MS:   Without the slightest doubt.  I had not realized that it would become, especially in the past two years, an all-consuming activity on both sides of the Atlantic. When I came on the commission, I was asked to coordinate international affairs and represent the commission abroad, mostly in France. I also worked with Belgium and Italy and to a lesser degree with England as other commissioners didn’t have a language barrier there. I was very fortunate to have the support of the American Battle Monuments Commission and receive help from U.S. embassies in these different countries. I also worked with local villages and towns eager to honor the Americans who had liberated them 100 years ago.  

This is where my ability to communicate in French, and all the contacts I had in France, where most of the AEF fighting took place, became essential. I did spend much more time in France than I had expected and represented the WWICC on multiple occasions.  These events were wide ranging, from commemorations in cemeteries, battlefields or memorials, to music festivals, recitals, exhibitions, and school activities. Most of these events were organized by the French to honor Americans who served in the military or volunteered to help the local population, and it was therefore extremely meaningful to the organizers to have the United States represented. I had to give or translate multiple speeches, and I was always glad to be able to give a voice to those men and women who couldn’t speak for themselves anymore.   

I was also a representative of the national WWICC in some of the southern states, especially Georgia and Alabama, where I worked with their respective WWI commemorative bodies.  

Veterans Day, Atlanta, GA, 2017

And I enjoyed immensely the education role that accompanied all these activities, as well as the work I did with my fellow commissioner, Libby O’Connell, who lead the commission educational activities. We collaborated extremely actively with the National WWI Museum and Memorial, produced a newsletter, and organized a wide range of activities.

C. MH:  I know you consider yourself an educator and that you participated in many educational events over the last five years. What thoughts do you have on the general point of reversing the modernist trend of attempting to erase our historical heritage and eliminate the study of history in our schools? And specifically—using World War One as a case study—how can we reach young people and convince them of the importance of learning and connecting with their heritage?

MS:   You can well imagine that the elimination of history in our curriculum would be totally antithetical to all I stand for. I strongly believe only those who have a good knowledge of history will be able to shape the future. So many geopolitical mistakes have been made in the past by people who ignored history. Studying history is one of the best tools in education to learn critical thinking skills.  

This is also why I don’t believe that each generation should rewrite history according to the beliefs of the time, and I disagree, for example, with the destruction of Confederate statues.  They should stay and their context explained, or they should be moved to a location where one can still learn from them.
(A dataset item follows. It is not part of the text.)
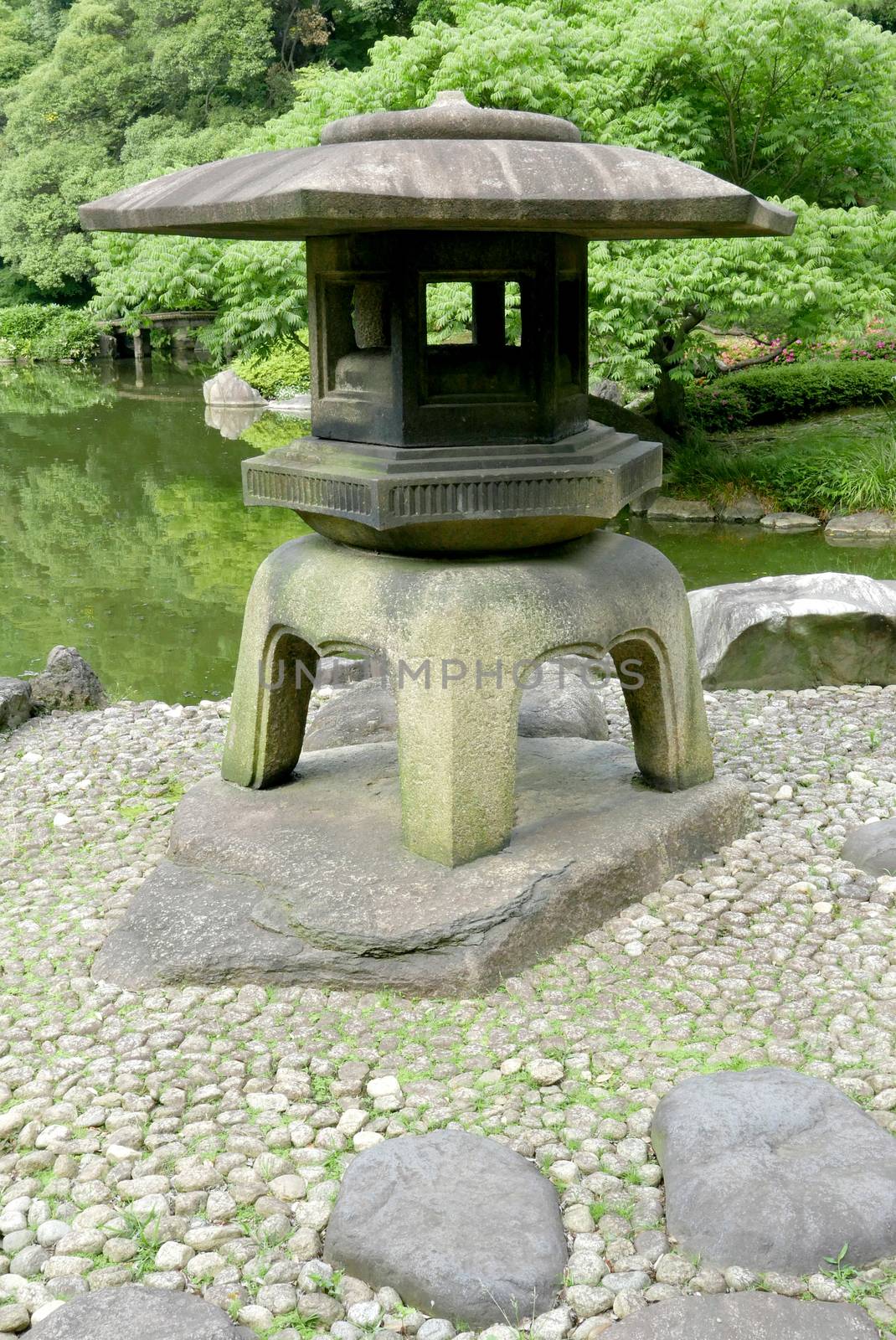 Japanese outdoor stone lantern in the zen garden
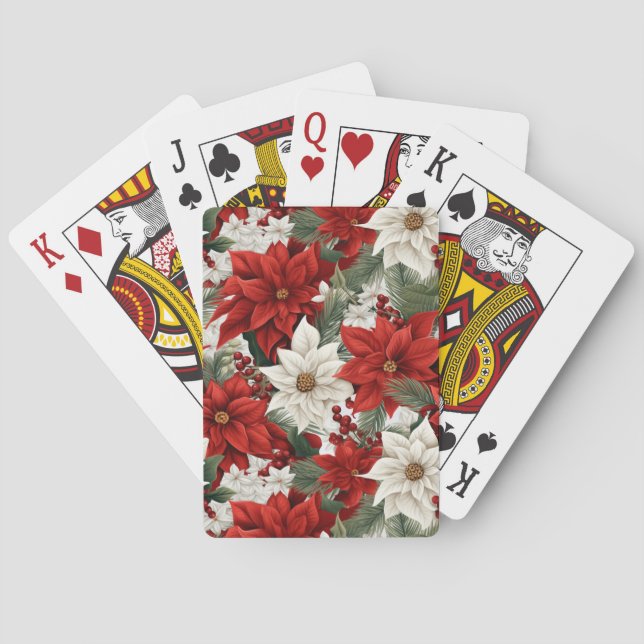 Christmas Poinsettia – Holiday Floral Design Playing Cards (Back)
New generations would be much better served by being told what they represent and the history surrounding them than to have them disappear and their history be forgotten. Out of sight, out of mind.  

Humanity is never far from repeating the same mistakes. I applaud and find so important all the schools’ visits of concentration camps like Mauthausen in Austria or Auschwitz in Poland so that young people never forget the horrors they represent. Authoritarian regimes have generally either stopped teaching history to cut people from their past and allegiances or taught a distorted version of history to manipulate people. History rigorously taught by trained historians is key to informed citizenship, especially in a time of fake news and unsubstantiated information available on the Internet.

In the case of WWI, the teaching of its history is extremely important, not only to understand most of the conflicts our country is still engaged in but also to learn about geography, science, economics, as well as about the impact the war had on new technologies, the arts, the role of women and many other aspects of our 20th-century history, not least the fact that its participation in WWI brought the United States to the world stage and started the American century.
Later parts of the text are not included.